Some legal experts agreed.
Peter Joy, a law professor at the Washington University School of Law in St. Louis, said the effort to keep the US woman in prison was “a shock to the conscience of any decent human being,” since evidence strongly suggests she didn’t commit the crime.
Bailey’s office did not immediately respond to messages seeking comment Friday.
Bailey, who was appointed attorney general after Eric Schmitt was elected to the US Senate in 2022, has a history of opposing overturning convictions, even when local prosecutors cite evidence of actual innocence.
Horsman, after an extensive review, concluded in June that Hemme was heavily sedated and in a “malleable mental state” when investigators repeatedly questioned her in a psychiatric hospital after the killing. Her attorneys described her ultimate confession as “often monosyllabic responses to leading questions.” Other than the confession, no evidence linked her to the crime, her trial prosecutor said.

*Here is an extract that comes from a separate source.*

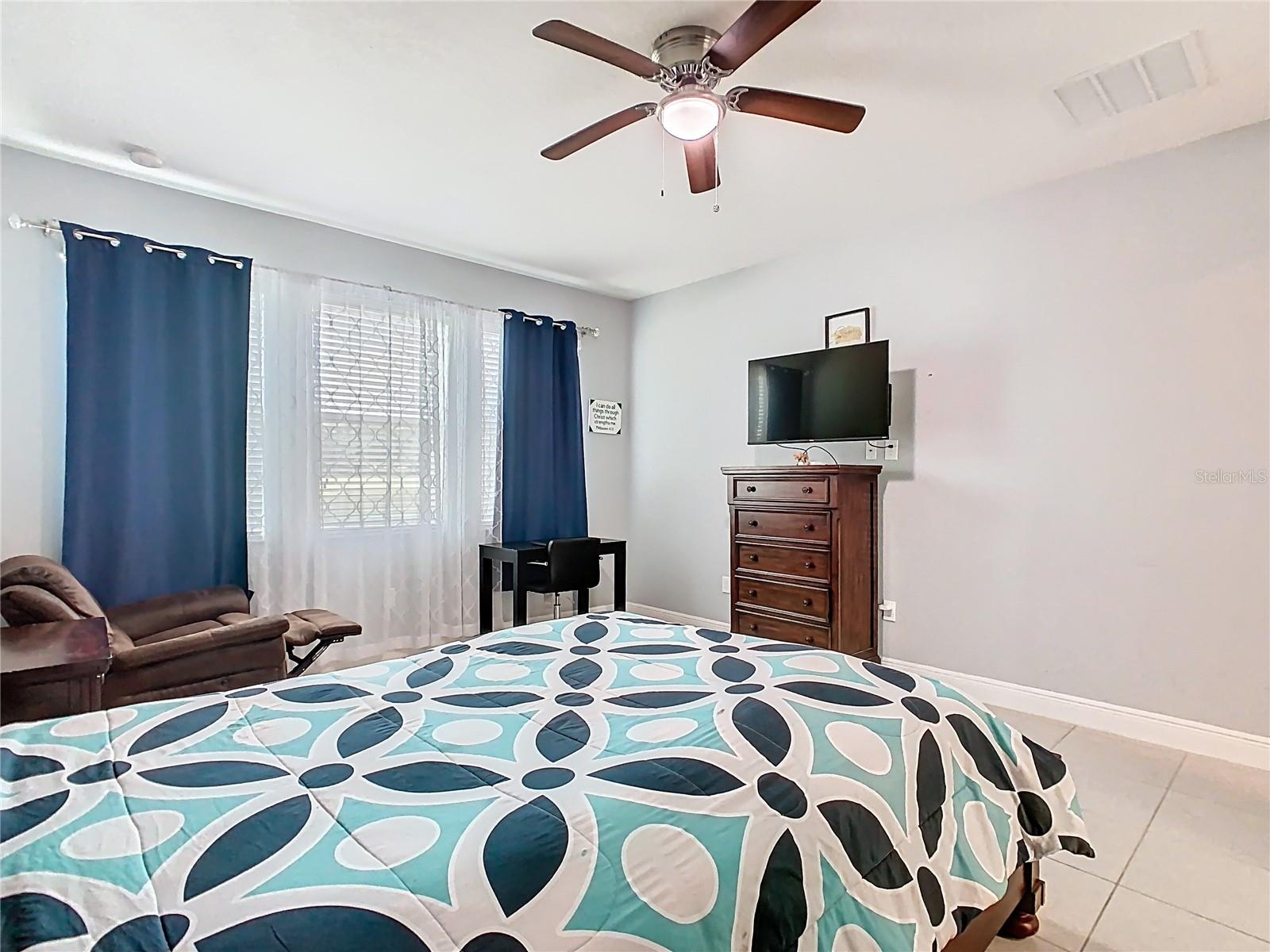 BELLALAGO PH B-2 - Residential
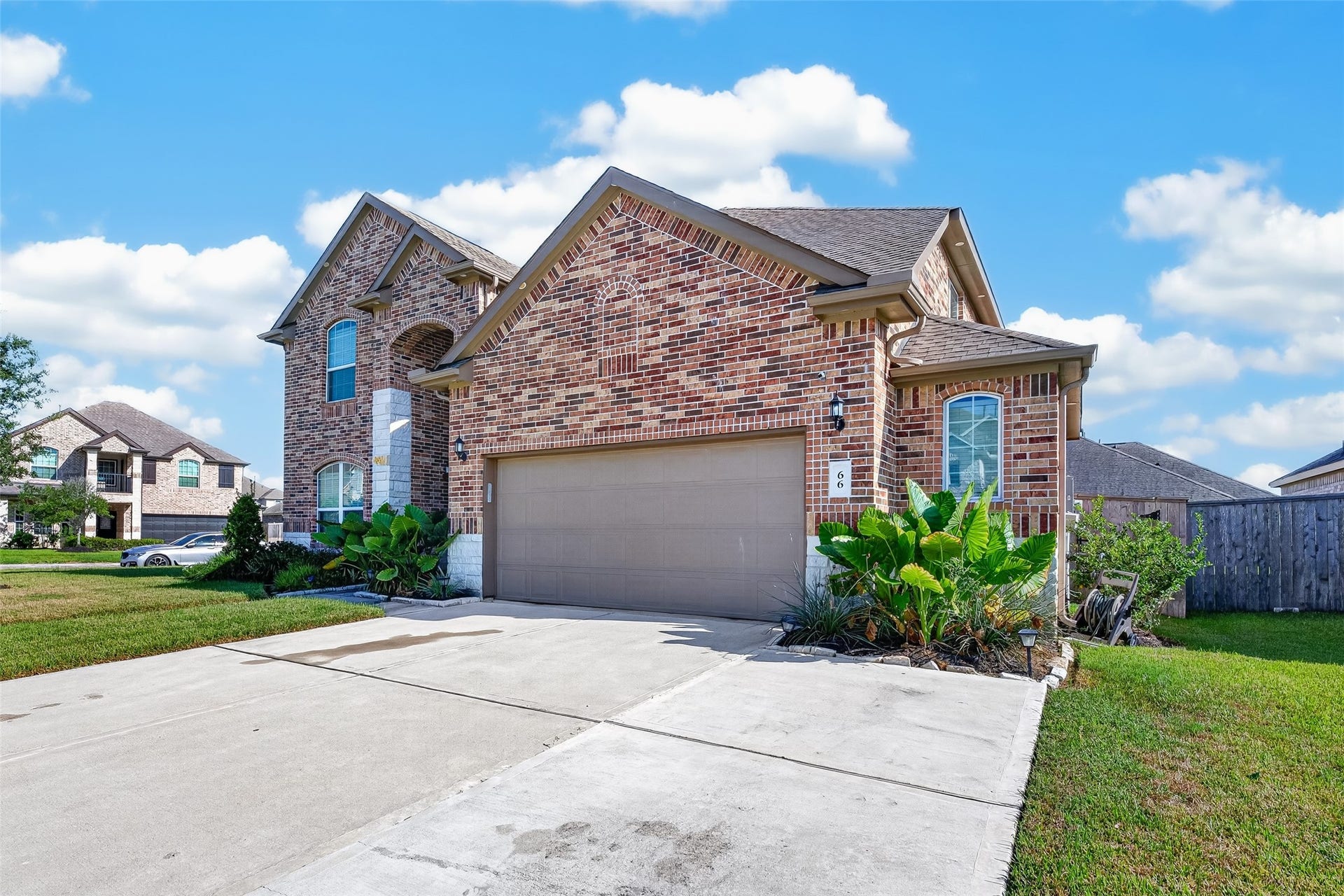 66 Carmel Drive, Manvel, TX 77578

The St. Joseph Police Department, meanwhile, ignored evidence pointing to Michael Holman – a fellow officer, who died in 2015 – and the prosecution wasn’t told about FBI results that could have cleared Hemme, so it was never disclosed before her trials, the judge found.
Evidence presented to Horsman showed that Holman’s pickup truck was seen outside Jeschke’s apartment, that he tried to use her credit card, and that her earrings were found in his home.
Horsman, in his report, called Hemme “the victim of a manifest injustice.”